The child, who was from Canton, Ohio, could not be resuscitated and was pronounced dead at the scene, officials. said.

"It's just such a terrible tragedy," Corolla Fire Chief Rich Shortway said.

It was the first day of the family's vacation at the luxury North Carolina home in Outer Banks, which rents for about $14,000 per week.

The boy's death has been ruled an accident by the Cuttrick County Sheriff's Office, according to the Coastland Times.

"We are not sure exactly how it happened," Cuttrick County Fire-EMS Chief Ralph Melton said.

"The child was entrapped in the doors," Melton went on. "We were able to free him, but his head and neck were crushed by the elevator, and he died as a result of traumatic injuries sustained in the elevator mishap Sunday night."

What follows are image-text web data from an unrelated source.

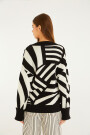 SWEATER Blanco Y Negro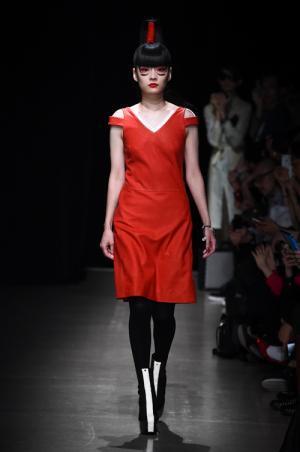 レオナード・ウォン 17年春夏コレクション - 真実を問うモノクロ世界、AyaBambiも登場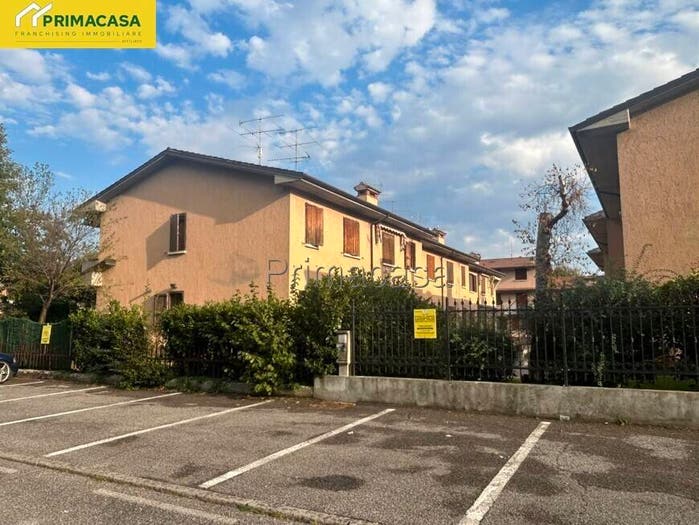 Casa con 5 locali in vendita in via don bulgarini, Centro, Nuvolera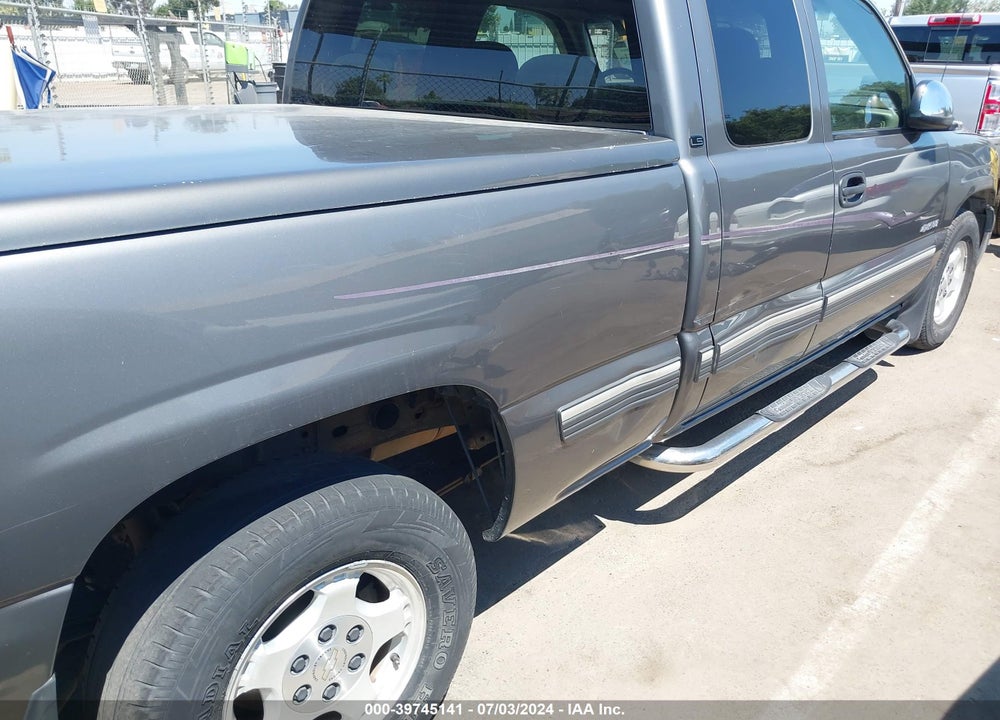 2000 CHEVROLET SILVERADO 1500 LS VIN: 2GCEC19T1Y1223535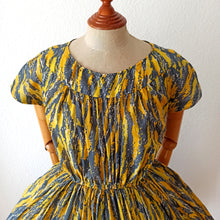 Cargar imagen en el visor de la galería, 1950s - Fabulous French Abstract Dress - W28.5 (72cm)
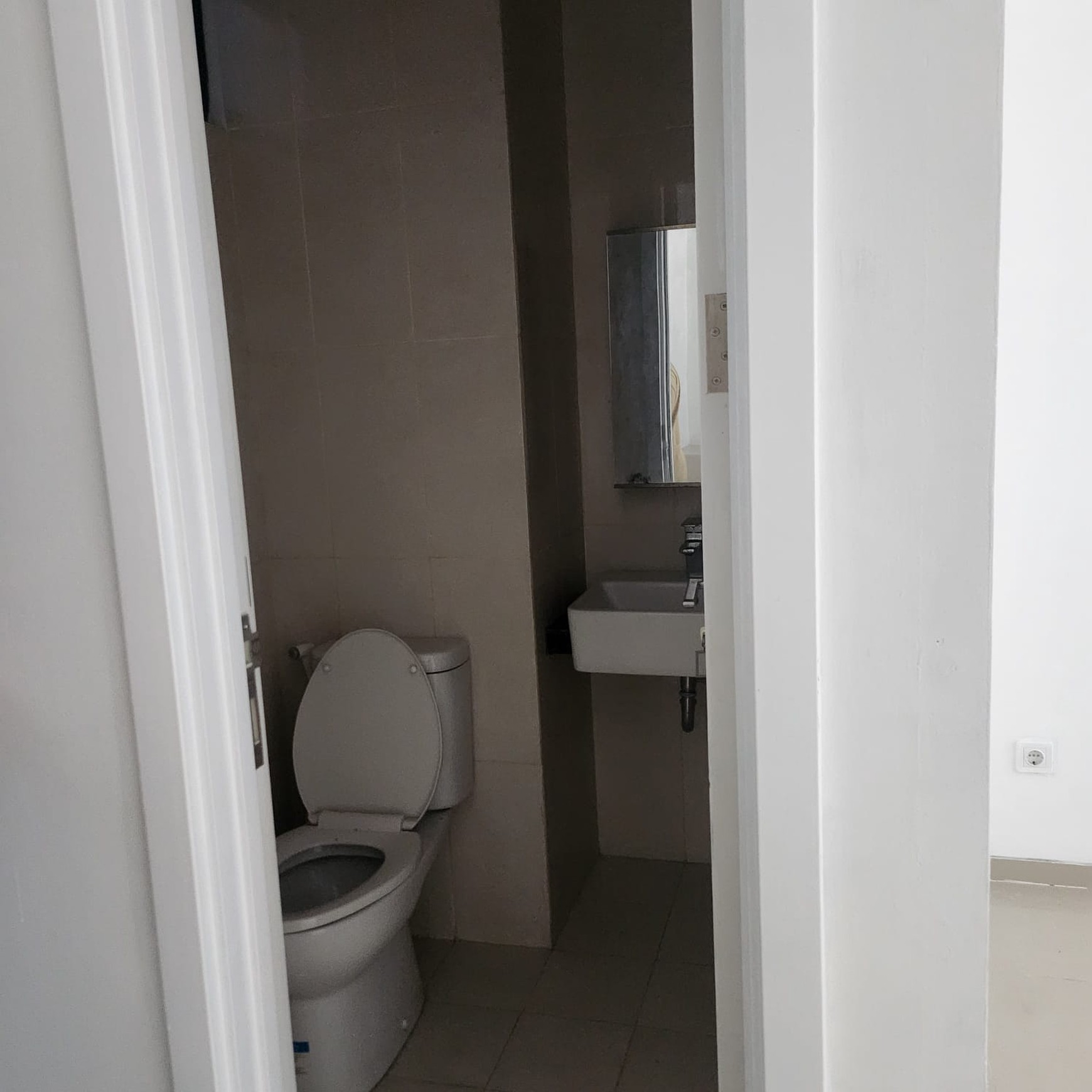 Ruko Siap Pakai Di Ruko U Ville Avenue Bintaro Sektor 7 tangerang selatan.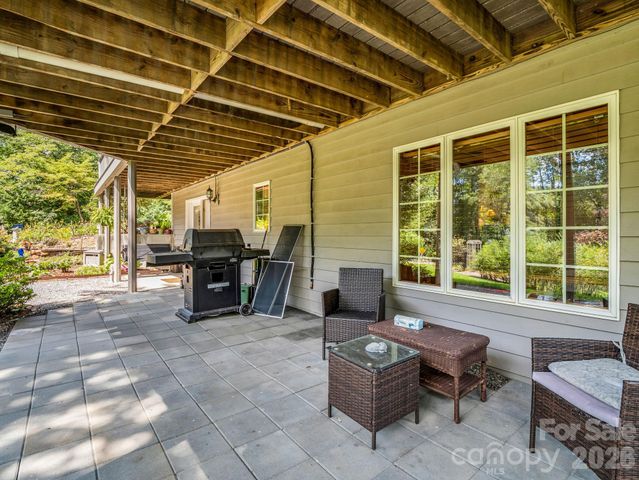15 Ravenwood Drive, Fletcher, NC 28732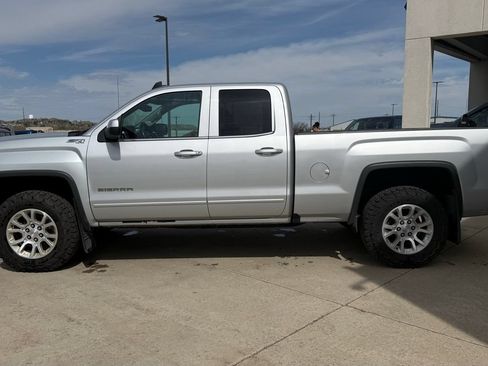 Used 2018 GMC Sierra 1500 SLE w/ Suspension Package, Off-Road AWD/4WD image 8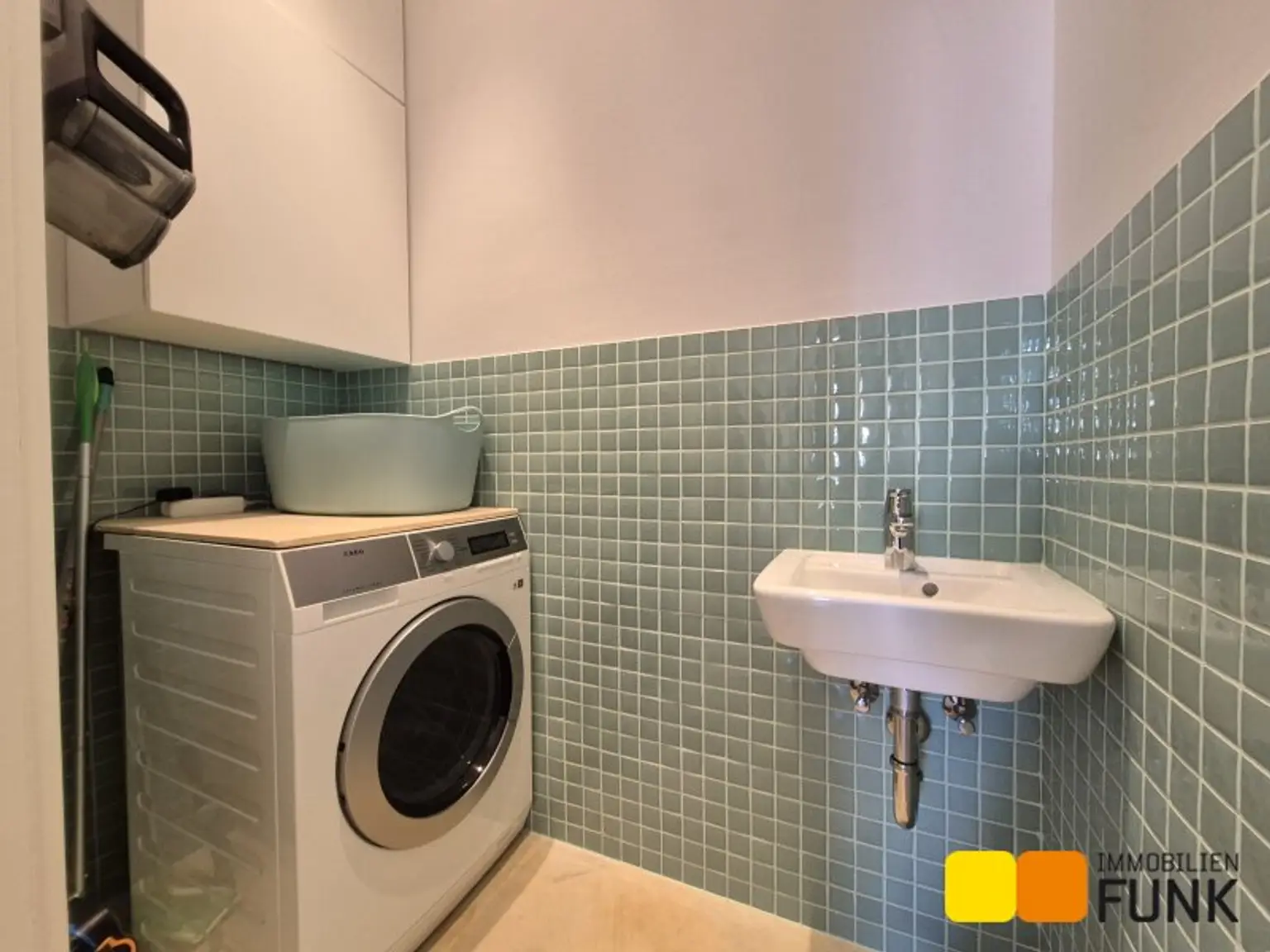 Herrschaftliche 5-Zimmerwohnung mit Balkon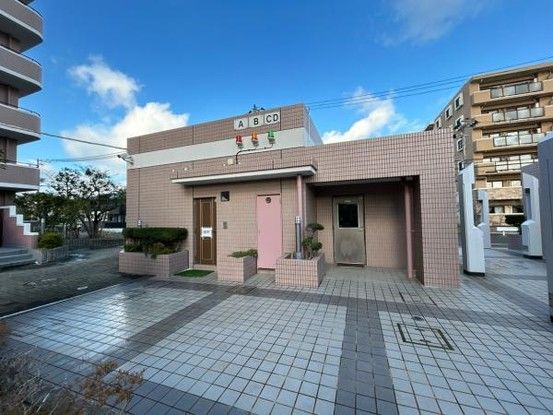 Renovated 3LDK Apartment for Sale Near Aoyama Station, Niigata - Thumbnail 3
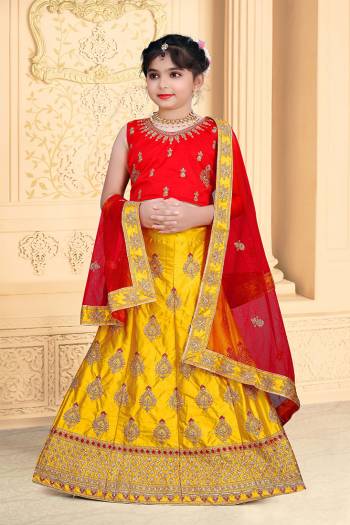 Attrective Looking Kidswear Readymade Heavy Designer Lehenga Choli In Fine Color Fabricated On Net And Dupatta Are Net Beautified With Heavy Attractive  Work. Buy Now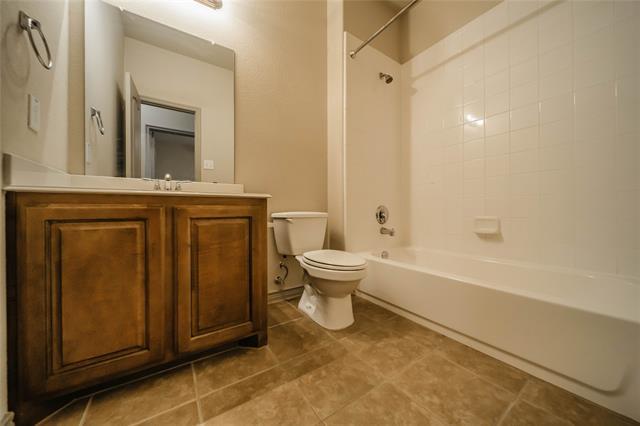 Building Photo - 2813 Sheridan Dr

Melton added that there have been close calls with elevators like this one, but this was the first fatality.

While North Carolina's Department of Labor regulates commercial and public building elevator inspections, private resident elevators are not regulated.

The Washington Post reported that between 1981 and 2019, at least eight children have died and two have been seriously injured by being trapped in an elevator.

Some elevator industry experts insist the number is much higher, the Post found.

The Consumer Product Safety Commission has issued warnings about the "deadly gap between doors of home elevators" and suggested using a space guard or electronic monitoring device to prevent children from getting trapped.

However, when federal regulators pushed for improvements, they faced resistance from elevator manufacturers, who argued the problem was complicated, overblown in some cases, and ultimately not their responsibility.

The CPSC opted not to issue an elevator recall but did publish a safety warning that was distributed to governors nationwide.

"CPSC is aware of several tragic incidents in which children became entrapped between the doors leading to death, serious fractures, traumatic asphyxia, and lifelong injuries,” the agency said in a 2019 warning.